[Data entries]
════════

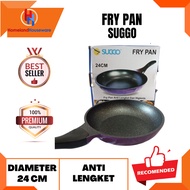 READY TO SHIP - READY MADIUN SUGGO NON-STICK/FRY PAN SIZE 24 CM SUGGO NON-STICK/FRY PAN UK24 CM NON-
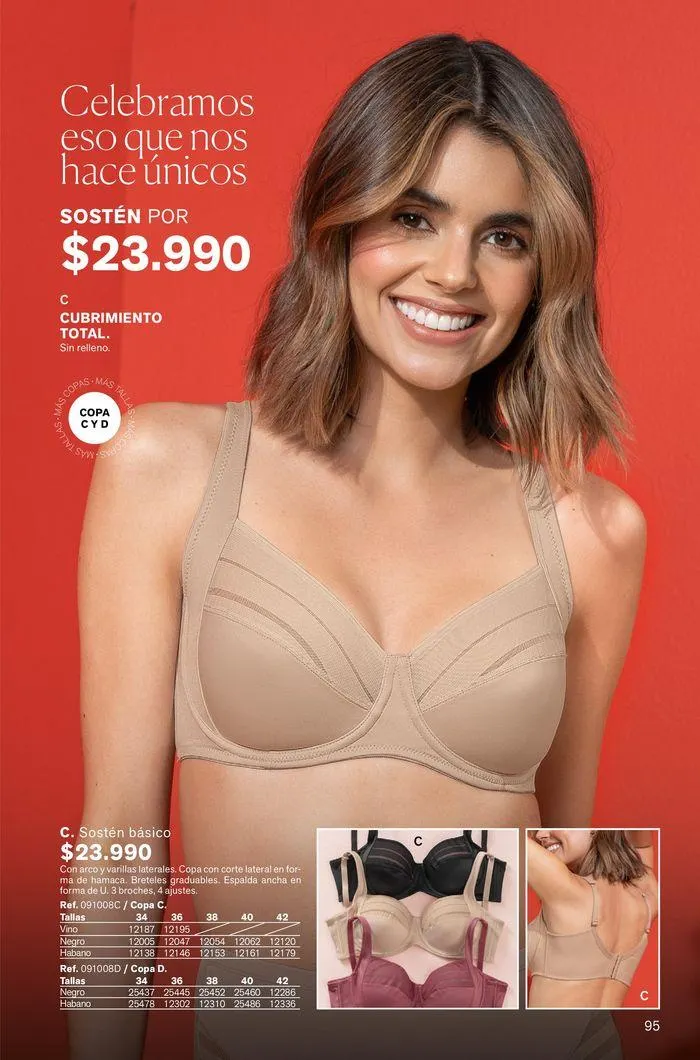 Catálogo de Ofertas Leonisa 23 de agosto al 6 de septiembre 2024 - Página 95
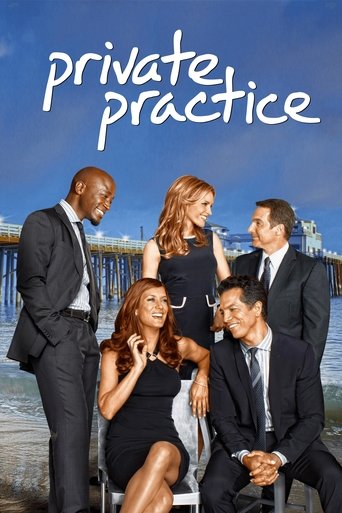 Private Practice TV series poster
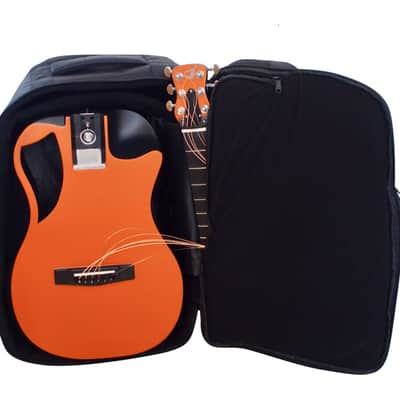 Journey Instruments OF660O1M Carbon Fiber Collapsible Travel Guitar (B-Stock) image 1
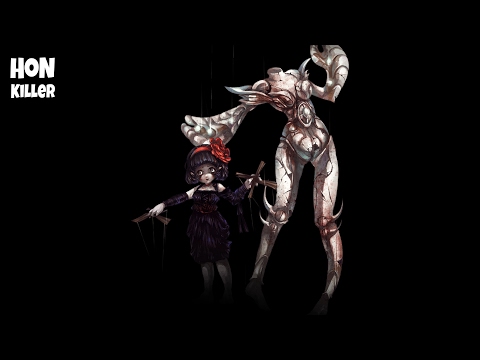 HoN 4.0.3 Puppet Master Gameplay - `AnalHunteR` - Immortal I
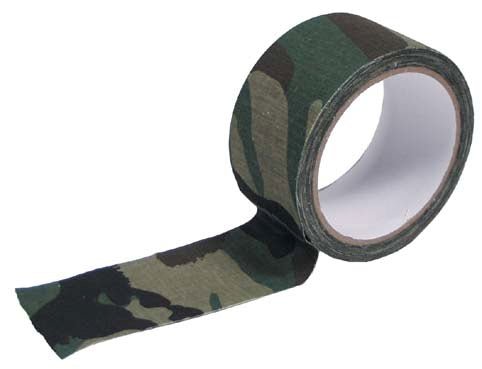 Gewebe Klebeband 50mm x 10m woodland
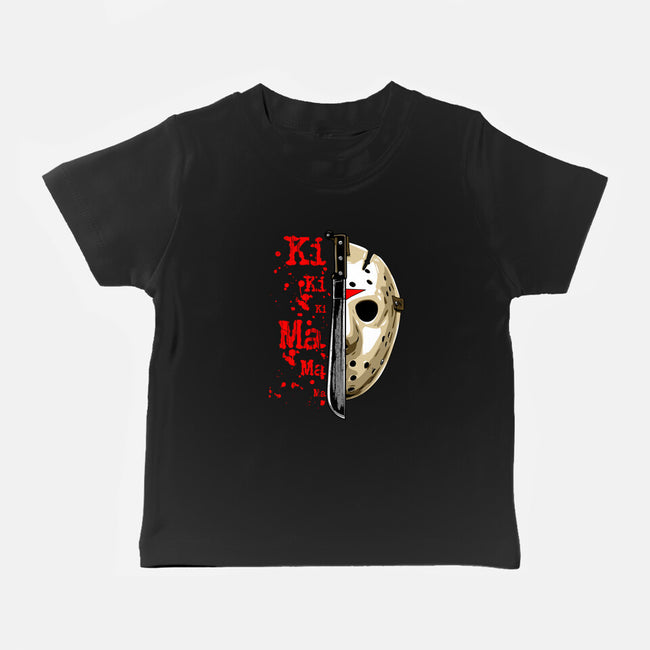 Kill Her Mommy-Baby-Basic-Tee-goodidearyan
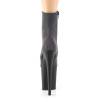 Pleaser FLAMINGO-1020REFL Green Reflective Black Sale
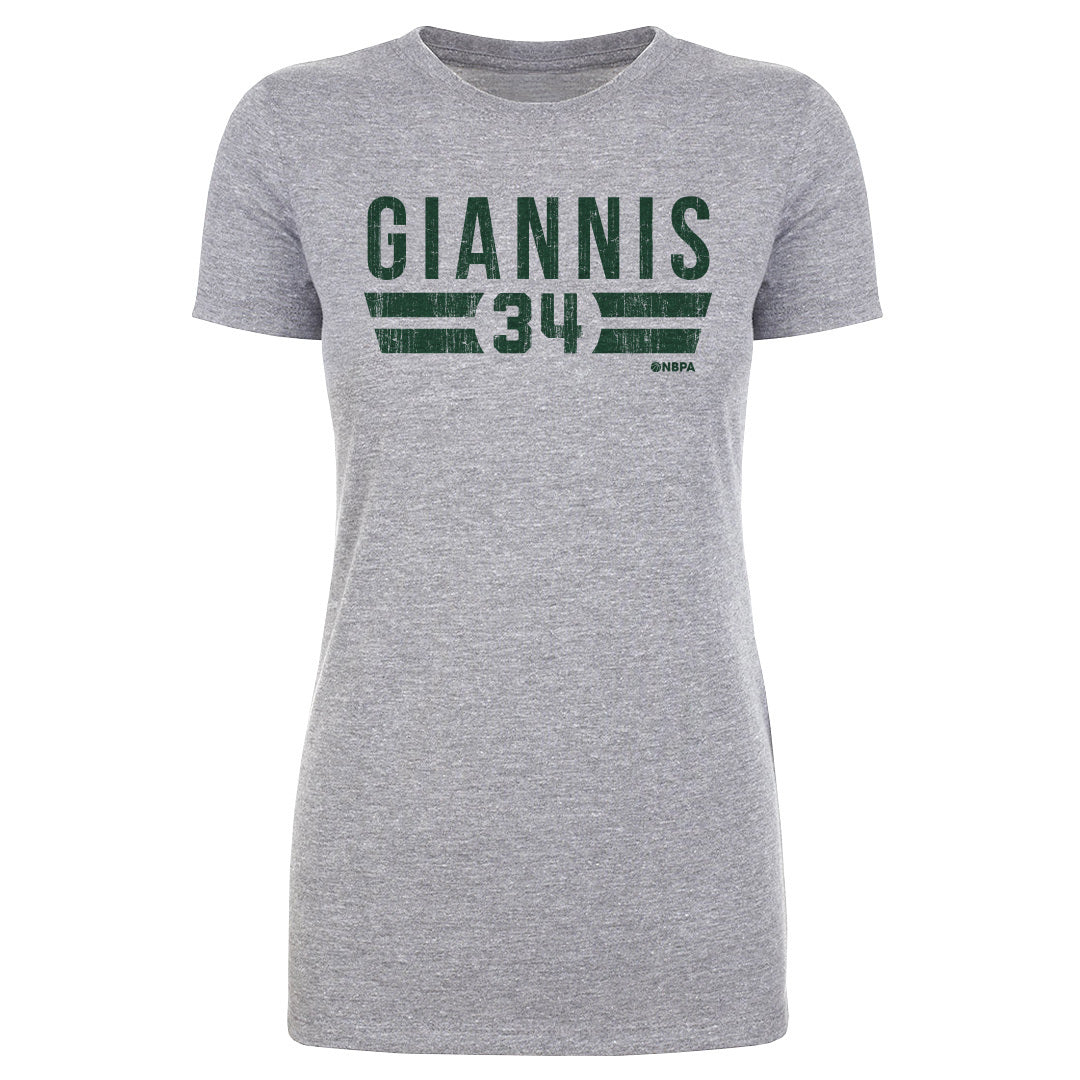 Giannis Antetokounmpo Women's T-Shirt | 500 LEVEL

════════

▶ [Exercise brief]
Print the entries above word for word, without pictures.

▶ [Exercise result]
 READY TO SHIP - READY MADIUN SUGGO NON-STICK/FRY PAN SIZE 24 CM SUGGO NON-STICK/FRY PAN UK24 CM NON-
 Catálogo de Ofertas Leonisa 23 de agosto al 6 de septiembre 2024 - Página 95
 Private Practice TV series poster
 Journey Instruments OF660O1M Carbon Fiber Collapsible Travel Guitar (B-Stock) image 1
 HoN 4.0.3 Puppet Master Gameplay - `AnalHunteR` - Immortal I
 Gewebe Klebeband 50mm x 10m woodland
 Kill Her Mommy-Baby-Basic-Tee-goodidearyan
 Pleaser FLAMINGO-1020REFL Green Reflective Black Sale
 Giannis Antetokounmpo Women's T-Shirt | 500 LEVEL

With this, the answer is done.